You're relating two things that are actually rather seperate. Fractional reserve banking can not cause a continual inflation of the money supply. Instead, it increases the effect of the printing press.
If the size of the money supply is fixed by the central bank or other currency issuer, it would still be fixed with fractional reserve banking. The size of the reserve would determine the maximum size of the money supply after the money multiplier effect of fractional reserves. So long as the required reserve ratio remains the same, no inflation is possible beyond that point. If the currency issuer has knowledge of the reserve ratio, they know how much currency needs to be issued in order to meet their money supply goal.
See, this whole premise that central-banking can always control moneysupply was proven wrong during Great Depression & guess what, it's being proven wrong RIGHT NOW. Interest-rates are near zero, Bernanke is full tilt going for a massive inflation but guess what, moneysupply is shrinking because market is already overloaded with debt & banks have also cut back on lending
Further, when you argue for central-banks controlling moneysupply, you're essentially arguing for them fixing the price (purchasing-power) of money thru central-planning. So do you also believe that government should fix prices of other things like grains, oil, cars, etc etc? I hope you know that price-controls have been tried many times by many governments throughout history (under Nixon in US after going off gold-standard) but they ALWAYS fail because the answer is simple - central-planning does not work - because a bunch of "experts" sitting in a room with their theories don't have all the information required to predict prices because prices are products of the markets
The assumption, therefore, is that perfect knowledge of interest rates would yield perfect investment and continual, stable growth.
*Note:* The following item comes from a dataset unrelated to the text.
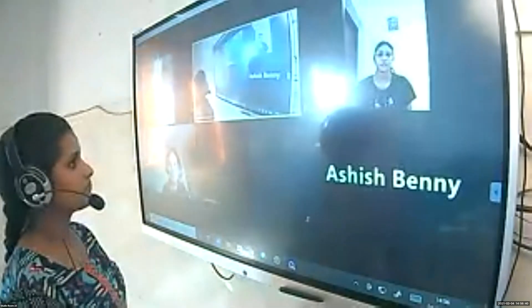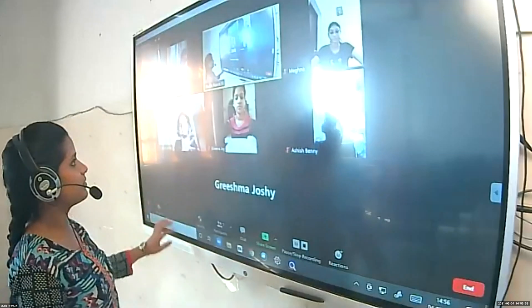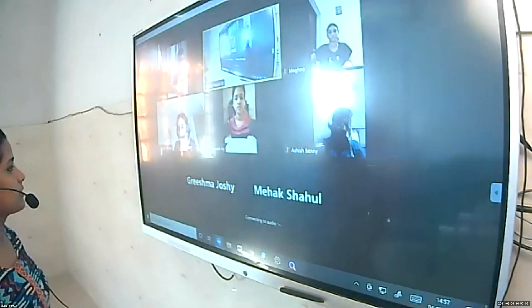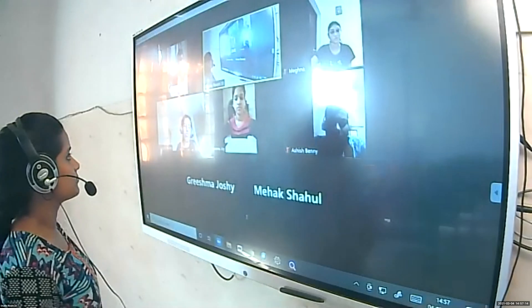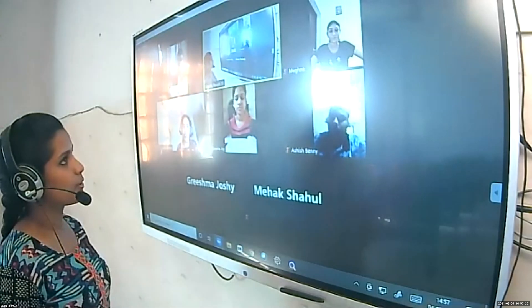Good afternoon. Can you hear me? Now, which theories did we learn? Which were the two approaches? The two approaches were information processing and psychometric. Psychometric approach is also known as the structural approach.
As I explained above, fractional reserve banking does not result in unpredictable, artificial, or unsustainable changes in the size of the money supply. Austrian-based central banking will create an Austrian-based market environment with or without fractional reserve banking.
There's no "perfect" but allowing markets to determine supply & prices is what free marketers believe, communist/socialist central-planners on the other hand believe in all-wise, omniscient, honest, angelic group of few people making all the right decisions for the rest of the population

And, this is why I've said, PLEASE inform yourself about Austrian Economics by going to mises.org, that would have saved you from the embarrassment of writing stupid things like "Austrian-based central banking" *facepalm*
For the record, Austrians believe in freedom, choices, free markets, NOT central-planning & all-wise omniscient angelic government entities deciding what's best for everyone
If, for example, we traded directly with gold instead of dollars, every bank would still need to forecast how much gold each of their branches would need to have available for their customers. The only difference that fractional reserves would make is whether they loan out their excess or warehouse it. The result is the same.
Again, you don't seem to grasp the fact that there's no need to "forecast" anything, they should hold the demand-deposits & pay up on demand & lend time-deposits as they deem fit, that's all, otherwise it's breach of contract & fraud
Without increasing the monetary base there is a limit on the inflation that fractional reserve banking can accomplish, but the very act of creating money out of thin air and lending beyond your reserves lowers interest rates below what the rates would be if they were based only on available savings. This means that eventually the projects that were undertaken to take advantage of the lower interest rates would turn out not be to profitable as the prices of inputs rise for the projects rise, so the need to borrow more money increases and makes available capital more scarce and increases the interest rates that you now rely on to finish the unsustainable project.
Now without a central bank or printing press to pyramid on top of this or inflate the monetary base it does limit the damage that can be done by the business cycle. That is why the depressions in the 1800s were not nearly as severe as the Great Depression or what we have today.